--- Provided data ---

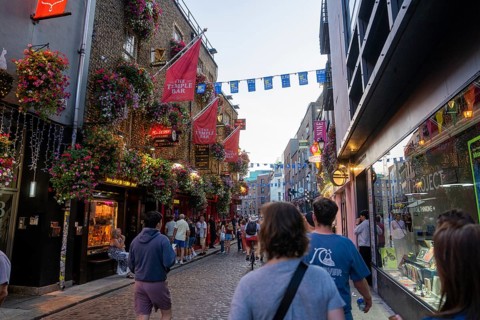Tourists stroll down a paved street illuminated by shops in the evening, Dublin, Ireland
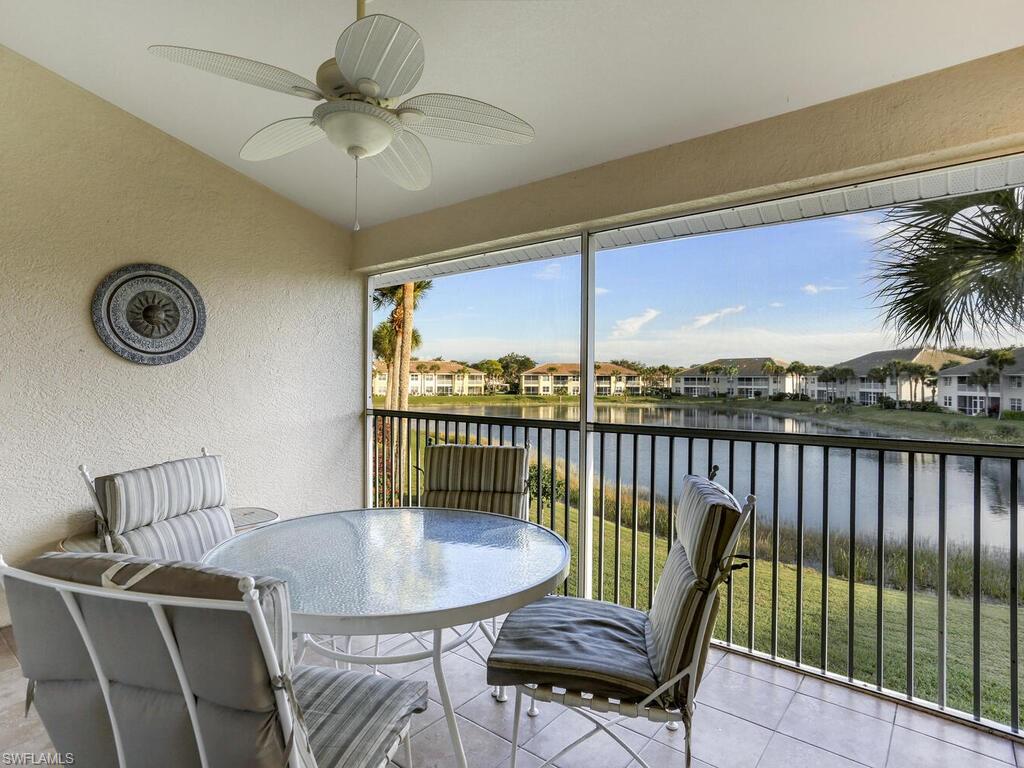 Sunroom with a water view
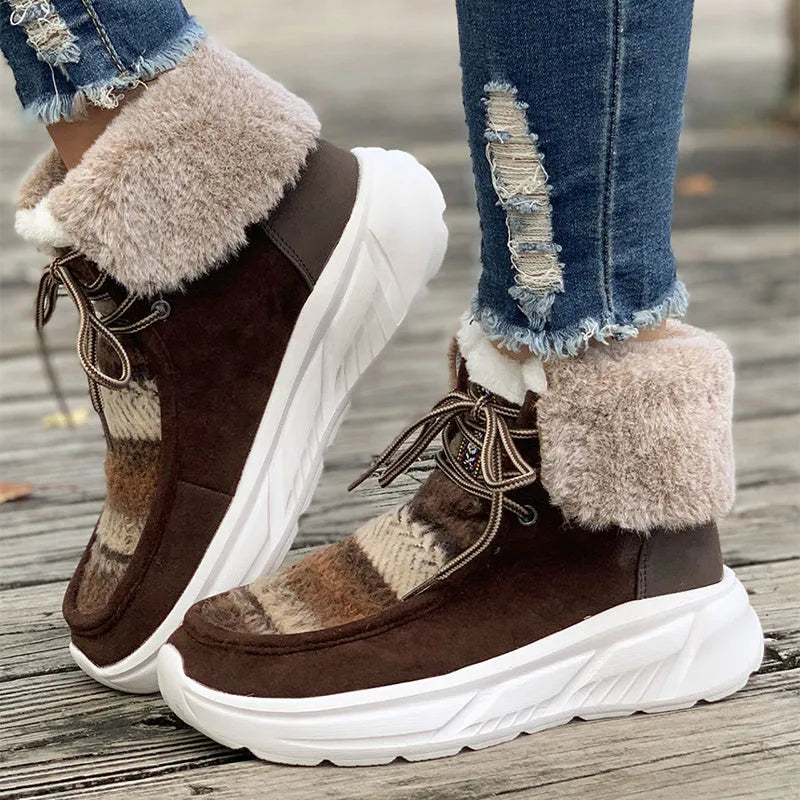 Beige women's lace-up suede snow boots with thermal lining and a thick rubber sole.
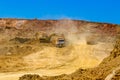 Trucks and the excavator work in career at mining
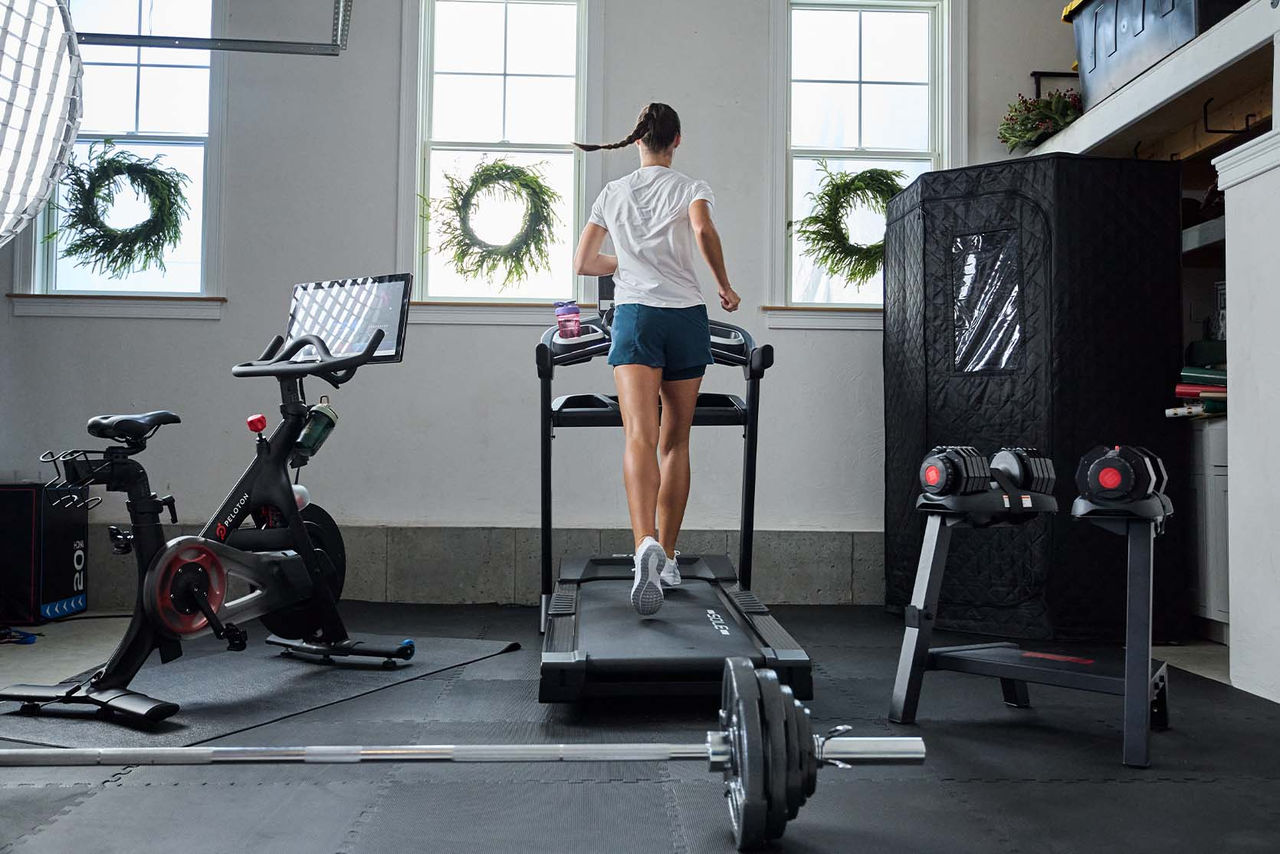girl running on treadmill in home gym
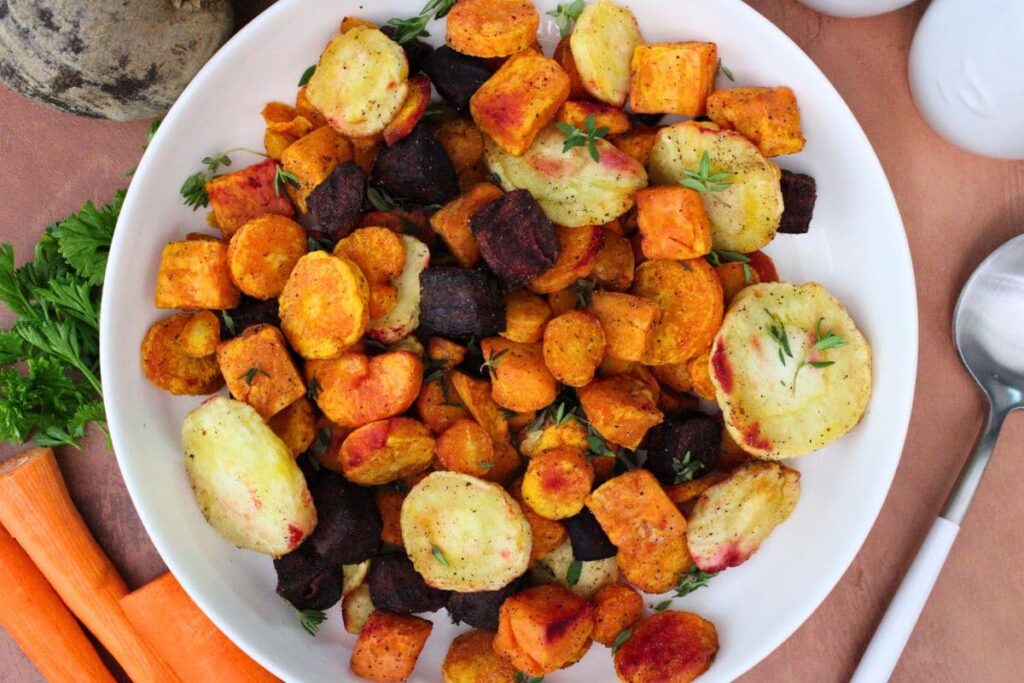 overhead view of air fryer root vegetables featuring beets, carrots, sweet potatoes, and parsnips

---

** Work required **
A faithful, word-for-word copy of the records above, pictures left out, is the answer.

** Completed exercise **
Tourists stroll down a paved street illuminated by shops in the evening, Dublin, Ireland
 Sunroom with a water view
 Beige women's lace-up suede snow boots with thermal lining and a thick rubber sole.
 Trucks and the excavator work in career at mining
girl running on treadmill in home gym
 overhead view of air fryer root vegetables featuring beets, carrots, sweet potatoes, and parsnips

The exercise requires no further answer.